Background and Facts

The case centered on a 2009 North Carolina statute. N.C. Gen. Stat. Ann. § 14–202.5 made it a felony for a registered sex offender "to access a commercial social networking Web site where the sex offender knows that the site permits minor children to become members or to create or maintain personal Web pages."

Under the statute, a "commercial social networking Web site" is defined as a website that (1) "derives revenue from membership fees, advertising, or other sources…"; (2) "Facilitates the social introduction between two or more persons for the purposes of friendship, meeting other persons, or information exchanges…"; (3) "Allows users to create Web pages or personal profiles…"; and (4) "Provides users or visitors to the commercial social networking Web site mechanisms to communicate with other users, such as a message board, chat room, electronic mail, or instant messenger."

Examples of such sites are common, with Facebook, MySpace, or LinkedIn all well-cited examples. North Carolina's stated goal, of course, was to ensure the safety of children by preventing sex offenders from coming into contact with them over the Internet.

Lester Gerard Packingham had been a registered sex offender in North Carolina since 2002 after he pled guilty at age 21 to having sex with a 13-year-old girl whom he said he was dating. Packingham had no further convictions for sex crimes after that incident. In 2010, however, he posted on Facebook about a traffic ticket. This caught the attention of the authorities, and he was convicted under N.C. Gen. Stat. Ann. § 14–202.5.

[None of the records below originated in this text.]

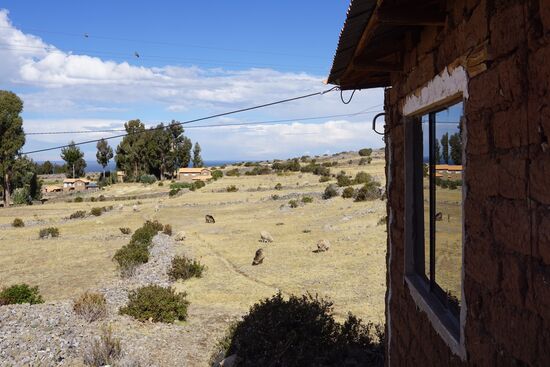 Der Blick vom Balkon des Hauses.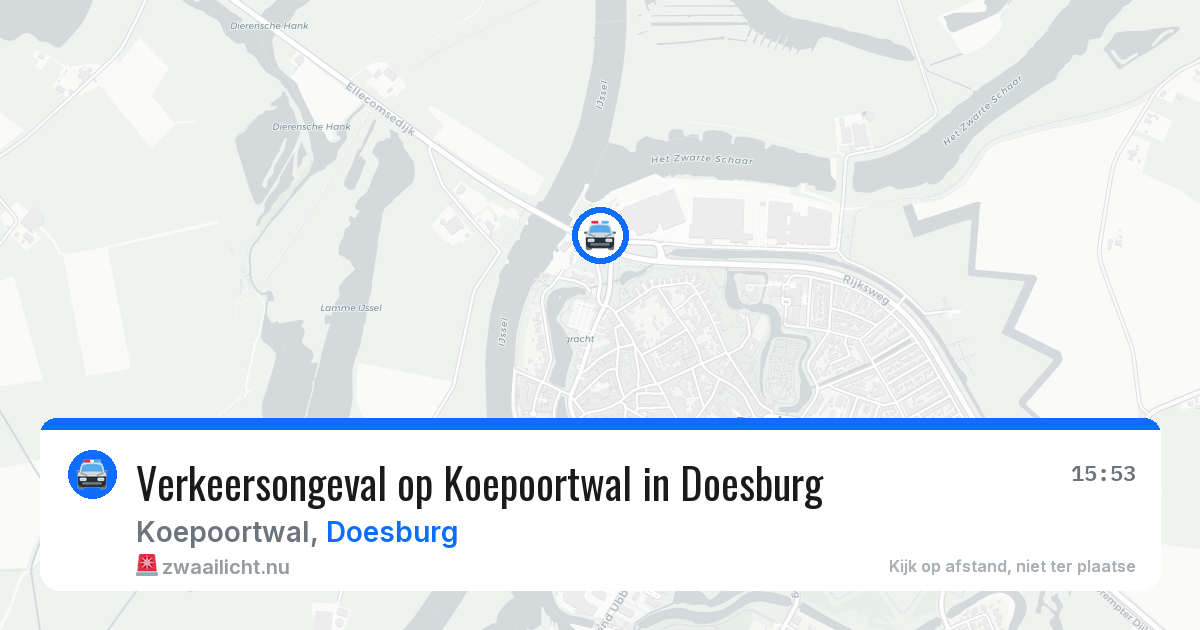 Verkeersongeval op Koepoortwal in Doesburg — 16 jul 2026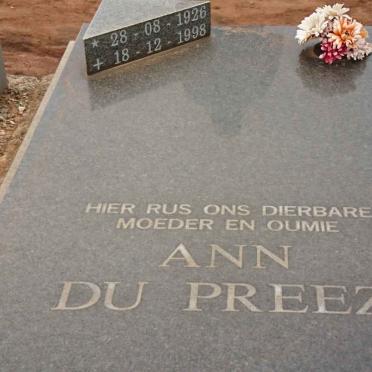 PREEZ Ann, du 1926-1998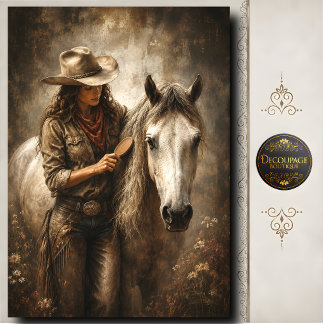 Papier Mousseline Portrait d'art western Cowgirl Toilettant Cheval B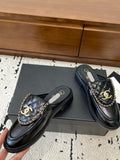 Women's Black Lambskin Diamond-Quilted Double C Buckle Mule/Loafer |G45474 X01000 94305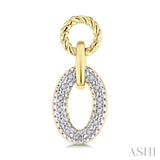 1/10 Ctw Oval Shaped Open Window Link Round Cut Diamond Earrings in Yellow Gold Vermeil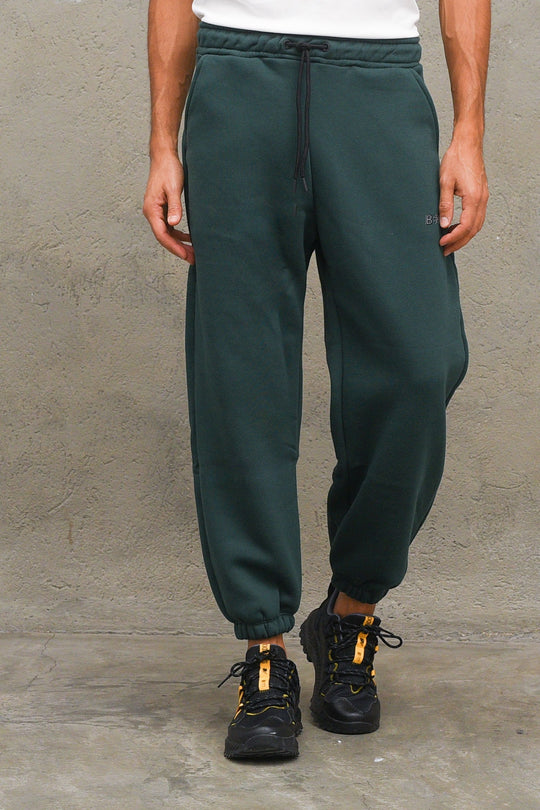 Pantalone Felpa Stampa Logo Berna - Verde Bosco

Packingham challenged the constitutionality of the law, arguing among other things, that it infringed on his First Amendment rights to "speak" in the public square.

Supreme Court's Analysis

In an 8-0 decision authored by Justice Anthony M. Kennedy, the Court held that North Carolina's statute was unconstitutional.

Applying a legal test known as intermediate scrutiny, the Court essentially required the state of North Carolina to show that the statute was narrowly tailored to its objective; in other words, that the statute does not burden a sex offender's First Amendment rights any more than necessary to achieve the government's goal of safeguarding children.

North Carolina was unable to meet this burden, since the statute banned participation in essentially all types of social media, without any meaningful chronological or substantive limitations.

The Court's decision is remarkable for its description of social media as central to modern day discourse. For example, the Court noted that about 70% of Americans use at least one social networking service. Facebook alone has 1.79 billion active users, about three times the population of North America. Justice Kennedy emphasized the fact that these social networks are now essential means of communication in democratic society about topics ranging from politics to economics to culture to religion:

On Facebook… users can debate religion and politics with their friends and neighbors or share vacation photos. On LinkedIn, users can look for work, advertise for employees, or review tips on entrepreneurship. And on Twitter, users can petition their elected representatives and otherwise engage with them in a direct manner," he wrote. "Indeed, Governors in all 50 States and almost every Member of Congress have set up accounts for this purpose. In short, social media users employ these websites to engage in a wide array of protected First Amendment activity….

Justice Samuel Alito, joined by Justice Thomas and Chief Justice Roberts, concurred in the judgment but offered a different analysis, writing that the majority opinion perhaps went too far in equating the Internet with the modern public square. Justice Alito also worried that the majority's opinion could leave states "largely powerless to restrict even the most dangerous sexual predators from visiting any internet sites."

Potential Impact of Packingham Decision

The Supreme Court is sometimes criticized as being generationally out of touch with many Americans. Yet its decision in Packingham gives full voice to the role of the Internet generally, and social media specifically, in modern American life.

The justices unanimously acknowledged that the "public square" that was so valuable to the Framers of the Constitution in the eighteenth century exists today in another form. Although the scope of this case is narrow--a specific law affecting convicted sexual predators--the broader importance of social media within the context of the First Amendment is likely to become an increasingly important legal issue.